She was born in 1916.
Think of what she has lived through.
When Mama came into the world, the First World War was raging, Woodrow Wilson was president, Charles Henderson (who?) was governor, cotton prices were rising, and there wasn’t a hospital in town, so Mama was delivered at home.
She was born into a pioneer family that had been in the county even before there was a county to be in. Solidly middle class, well connected in commerce and at the courthouse, and blood-kin to just about everyone, it was fortunate for the family line that my daddy came from out of town, out of county, and won her heart.
But I am getting ahead of myself.
Mama entered the first grade about the time the Roaring Twenties began to roar. By the time she was a teenager, what had been prosperity was over and the Depression was on the land. Among the high school graduation mementos she saved is a letter from a teacher telling her how proud she was of that year’s graduates and how she regretted not being able to give them each a gift, times being what they were.
The times were such that Alabama teachers were being paid with IOUs that many stores would accept only at a discount, if they were accepted at all.
Mama’s family did better than most. Her father, a rural letter-carrier, had a regular income from the government; though it was not much, it got them by. Meanwhile, Mama landed a courthouse job with one of those New Deal agencies, which also helped the family along.
Then came Daddy, down from Auburn University to teach vocational agriculture at the high school and court Mama. Then came the war, and Daddy was called to serve. So they married (I am compressing time here), and off they went to Fort Riley, Kan., where Daddy trained to defeat Hitler, and I was born.
In 1993, when my son was delivered as my 50th birthday present, a friend observed that it took considerable courage, or optimism, or maybe stupidity, to bring a child into the world at that time. Then I considered what was going on when I arrived — a world war that was not going particularly well and the possibility that I might grow up without a daddy — and our decision to have our children appeared rational, even sane.
So Daddy went overseas and Mama took me back to Grove Hill, where she returned to work for the government and waited for Capt. Jackson to come home.

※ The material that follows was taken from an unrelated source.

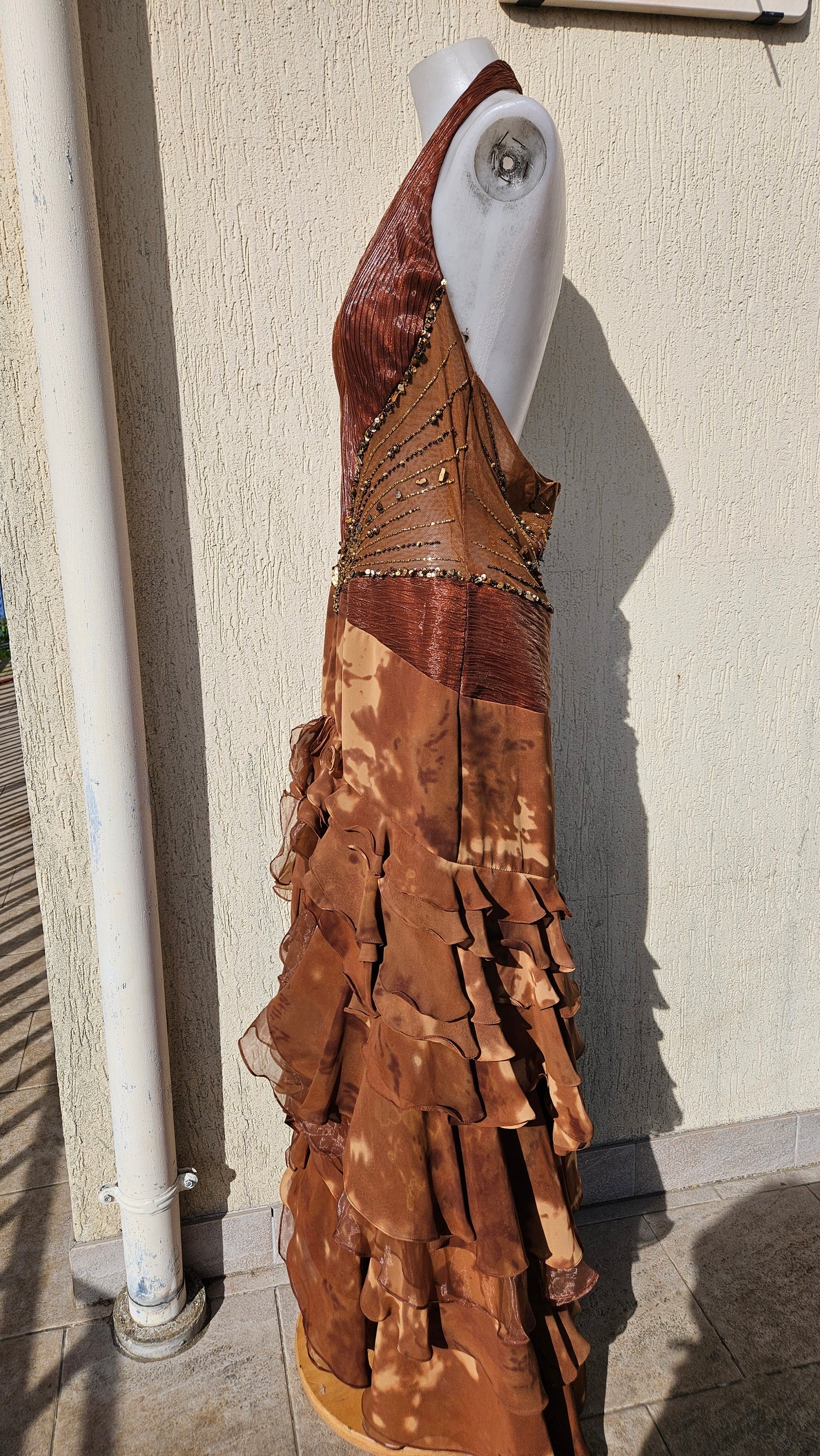 Embroidered brown backless dress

He did, and for the next few years they moved about as he sought to establish himself, first as a businessman, then as a politician, and always as a gentleman farmer and the central figure in a group of like-minded men who ran the courthouse, community and church.
Mama was big into church.
It was only natural. She was the granddaughter of a Confederate veteran who returned wounded from the fighting and, determined to study war no more, became a Methodist minister. Though he died while Mama was just a tot, he passed his piety on to his daughter, Mama’s Mama, who passed it on to Mama.
So it followed that as surely as every week had a Sunday, Mama had us in church. Daddy, as was his way, took a prominent part in the proceedings, while Mama, as was her way, simply toiled quietly in the vineyards of the Lord, visiting the sick, preparing meals for the shut-ins and doing the good works that caused my cousin Benny to remark that “if there is not a seat in Glory waiting for her, then it’s all a lie.”
Mama took care of her mother when she got too old to take care of herself, took care of Daddy’s sister in her last months, took care of her son, my brother, through the illness that finally took him, and took care of Daddy during his last months.
Now she is 97, and folks are taking care of her — as much as she will let them.
Her biggest complaint is that she can’t “do” like she used to.
I am 27 years her junior and I have the same complaint.
A bevy of friends took her out to lunch on her birthday, and a few days later, my family made it down for a second celebration.
She does like a party — so long as it doesn’t interfere with nap time.
Mama has lived through a lot and, if all goes well, she will live through some more.
So, happy birthday, Mama.
And happy birthday to all the Mamas out there, taking care of sons and daughters and husbands. You have made us what we are today.
Thanks for everything.
Harvey H. (“Hardy”) Jackson is Eminent Scholar in History at Jacksonville State University and a columnist and editorial writer for The Star. Email: firstname.lastname@example.org.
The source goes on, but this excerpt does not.